The U.S. continued to drag its feet on approving Mexican carriers...The Bush administration created a pilot program in 2007... The program included safety examinations for every truck and required the Mexican drivers to read and speak English. Congress defunded the pilot program in 2009....

The Obama administration started a new pilot program in 2011.

Liberalizing trucking is bipartisan.  

This program addressed Congress’s purported concerns about safety and regulatory compliance by requiring a more comprehensive inspection of Mexican trucks and requiring GPS and electronic recording devices on every truck to enforce hours-of-service limits and location rules.

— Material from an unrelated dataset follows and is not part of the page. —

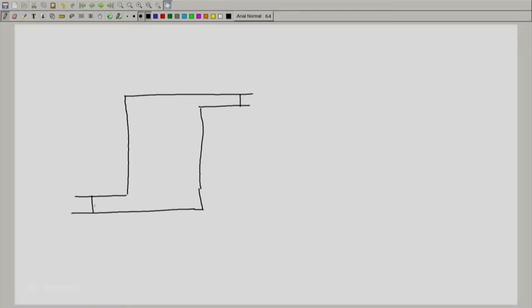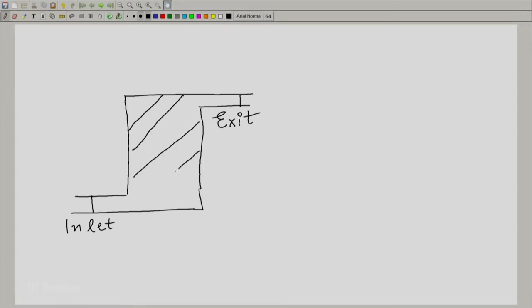Welcome back. We will look at a simple schematic to study open systems. I am going to draw a very simple open system here. You will notice that I have drawn this open system — the shaded part — and it has one inlet and one exit. The location of this inlet and exit is not of any consequence, neither is the shape of this open system.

The Teamsters and a trade group for U.S. independent truckers sued to block the new pilot program. The D.C. Circuit Court of Appeals in 2013 ruled against them again, with then-Judge Brett Kavanaugh writing the opinion that rejected every argument the petitioners made.

The three-year program ended in 2014. Over the length of the program, the Federal Motor Carrier Safety Administration (FMCSA) performed 5,545 inspections and Mexican trucks crossed the border 28,225 times. They traveled 1,263,630 miles in border states and 255,392 miles in non-border states.

The FMCSA used that huge sample size and reported back to Congress. It found that “Mexico-domiciled motor carriers ... had safety records that were equal to or better than the national average for U.S. and Canadian motor carriers operating in the United States.” ...

... The Teamsters and other trucking organizations sued again... The Ninth Circuit Court of Appeals dismissed the case in 2017, writing that “the parties do not raise any arguments the merits of which we may review.”

The USMCA, NAFTA’s replacement, keeps just about everything the same for cross-border trucking..

28 years and counting. More great details on how trucking works follow. Bottom line: 

Given that shippers near the southern border complain of driver shortages on both sides, and we know Mexican trucks are fully capable of meeting American safety standards, the federal government should rethink its regulatory approach again.

A little mild critique: It's not clear that "thinking" about the "regulatory approach" is the problem.  

Contrary to what free-trade opponents might expect, this particular case of trade between two countries at different levels of economic development actually resulted in the less developed country raising its standards to meet the demands of the more developed country. Mexico went above and beyond what was required of it in NAFTA and spent large sums of money to bring its trucking up to American standards.

Trucks are an obvious part of the great supply shock and labor shortage. With inflation raging, cost-increasing protectionism is harder and harder to defend. Yet even a signed international treaty, obvious merits, and legal orders are not enough to get this little bit of sand out of the gears, for 28 years and counting. 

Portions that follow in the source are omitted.